Pablo d’ Ors comienza su libro Biografía del Silencio, publicado en la editorial Siruela, con esta frase sorprendente de Simone Weil: “El deseo de la luz produce luz”.

Tengo que confesar que, para un agnóstico, es decir, para un creyente con muchas dudas -que no otra cosa es un agnóstico-, la frase citada produce una cierta inquietud. Y una gran paradoja. ¿Cómo va a producir luz solo el deseo de luz? Es como si dijéramos que el deseo de beber nos sacia o que el deseo de inmortalidad nos procura eternidad. Visto desde la pura razón esto es un disparate lógico, un absurdo que se asienta en la confusión entre ser y conocer. Mi deseo (o mi pensamiento) de que las cosas sean de tal o cual manera no influye y, menos, causa el que las cosas sean como son. Podrá adecuarse o no mi pensamiento o mi deseo a la realidad, pero, desde luego, no la causa.

A propósito de esta idea, me viene a las mientes la célebre anécdota del Barón de Münchhausen que tirándose de su propia coleta logró salir de una ciénaga en la que había caído, contraviniendo con descaro la ley de la gravedad. Pero todo el mundo sabe que Las aventuras del Barón de Münchhausen es un libro de ficción en el que Karl Friedrich Hieronymus propuso un mensaje radicalmente opuesto al racionalismo imperante en su época, dando pábulo a la posibilidad de viajar subido a la bala de un cañón o bailar en el estómago de una ballena. Saltarse por arte de birlibirloque las leyes de la física. Otorgar al deseo (a la voluntad o al pensamiento) la capacidad para construir la realidad. Pero la inutilidad de este esfuerzo está demostrada, al menos, en cuanto al paso del tiempo y al medio para conseguir la felicidad. En ambos casos, y en muchos otros al menos, no basta desear algo para satisfacer el deseo. ¿Por qué, entonces, afirma Weil que el deseo de la luz produce luz?

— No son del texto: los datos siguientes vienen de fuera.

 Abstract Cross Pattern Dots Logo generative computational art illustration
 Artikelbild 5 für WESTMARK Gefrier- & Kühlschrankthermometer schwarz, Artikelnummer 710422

Un ateneísta de Chipiona refirió en cierta ocasión la siguiente anécdota: Interrogado un parroquiano por un sacerdote católico sobre su fe, contestó que se consideraba un creyente con muchas dudas. Que más que creer, lo que a él le pasaba era que quería creer… aunque con poco éxito. El cura le respondió que exactamente esa era la postura de los apóstoles, que nadaban en un mar de dudas. Pero que, en el fondo, la fe es solo el deseo de creer. Pues, entonces, le replicó el feligrés al cura, hay que buscarle otro nombre, porque creer es creer y desear creer es desear creer. Ni más ni menos. (Bien es sabido que el agnosticismo esconde, además, en el fondo, una rebeldía anticlerical).

Yo no sé qué produce el deseo de luz. Pero si lo que produce es luz, entonces es una luz muy oscura. Es una luz que casi es una tiniebla. Igual sucede que al final del túnel se ilumina todo. No lo sé. Tendré que llegar allí para poder contarlo. Porque si el misterio está tan claro, ¿por qué el misterio sigue siendo un misterio? ¿Puede existir un misterio claro, un misterio que se comprenda?

Así que si el deseo de luz produce luz… ¿el deseo universal de paz producirá la paz universal? ¿Y el deseo de comer producirá manzanas? No da esa impresión y no parece que hayan servido de mucho las pasadas Navidades y sus insistentes plegarias por la fraternidad mundial… No parece, insisto, que nuestro deseo, en cualquier dirección, tenga tanto poder. En el fondo es ésta una nueva versión ascética de aquella sentencia que tanto éxito tiene entre curanderos, sanadores, echadores de cartas y orientadores escolares: querer es poder. No. Por desgracia, no es así.

El deseo de la luz no produce luz (que se sepa), aunque es posible que sea la condición de su posibilidad. Como si lo único que estuviera en nuestra mano fuera construir el nido, el hueco, atender con persistencia a la oscuridad (focalizar) y esperar. Para que, sin saber cómo, cuándo, ni por qué, pudiera en esa oscuridad prender la llama que lo ilumina todo. Sería, en todo caso, un regalo, nada que merezcamos y menos que podamos conseguir por nuestro solo esfuerzo.

De la eficacia de este camino tengo mis dudas, a menos que el camino para llegar a la comprensión de lo que en verdad es sea la paradoja, el guiño de la razón. Y el repudio al yo. Pero qué haya detrás (o debajo) del yo es un misterio.